WHAT NEEDS TO BE DONE: Repeat all of the records exactly, leaving out the pictures.

INPUT FOR THIS TASK:

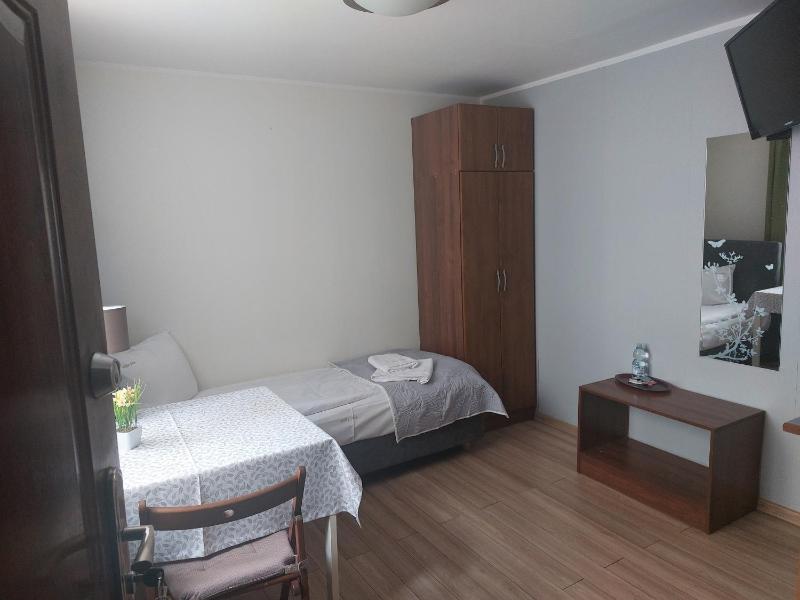 Small Single Room image 3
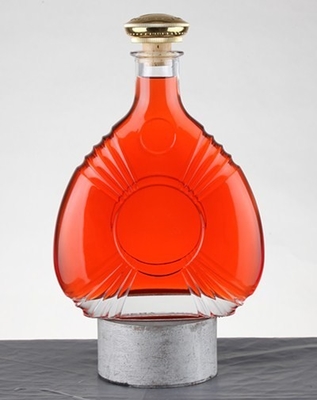 Materiale in vetro Super Flint Bottiglia in vetro di brandy per liquori personalizzati 700 ml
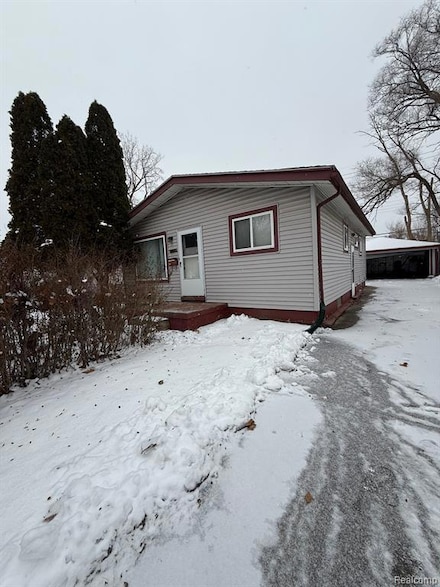 6865 Edgeton St, HamtraMcK, MI 48212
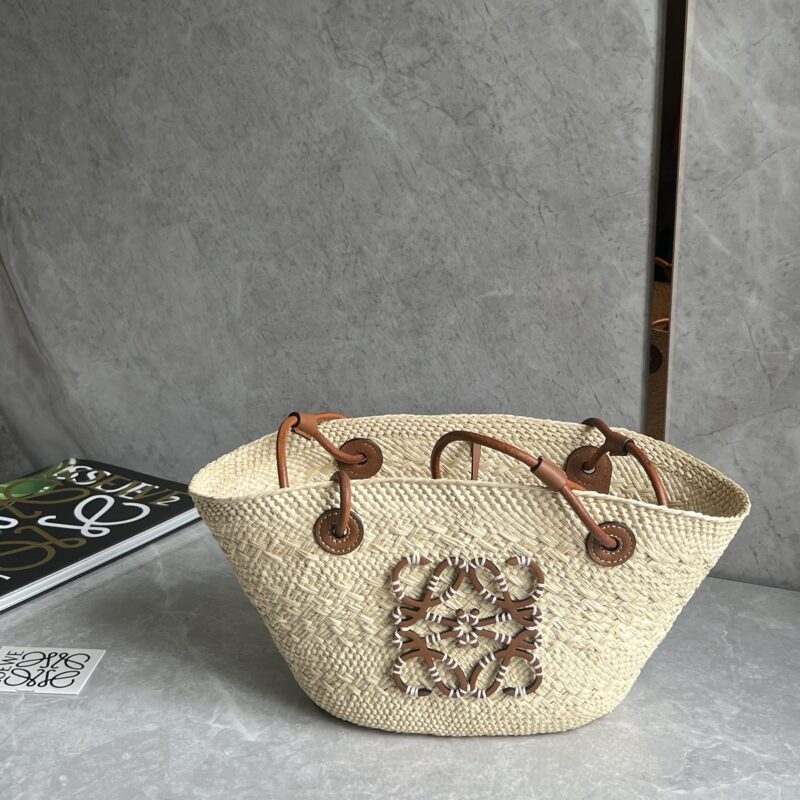 LOEWE Anagram Basket 草编包 1002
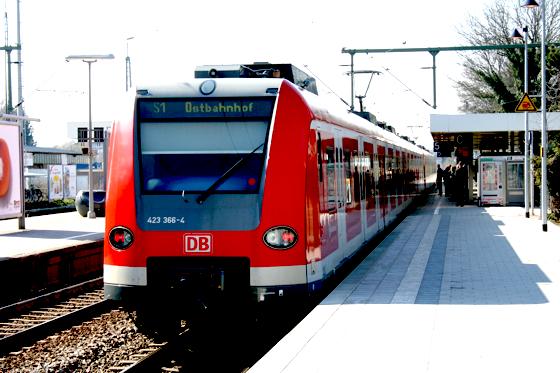 Anfang Mai will die Deutsche Bahn mit den Sanierungsarbeiten beginnen. 	Foto: Wally Schmidt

EXERCISE ANSWER:
 Small Single Room image 3
 Materiale in vetro Super Flint Bottiglia in vetro di brandy per liquori personalizzati 700 ml
 6865 Edgeton St, HamtraMcK, MI 48212
 LOEWE Anagram Basket 草编包 1002
 Anfang Mai will die Deutsche Bahn mit den Sanierungsarbeiten beginnen. 	Foto: Wally Schmidt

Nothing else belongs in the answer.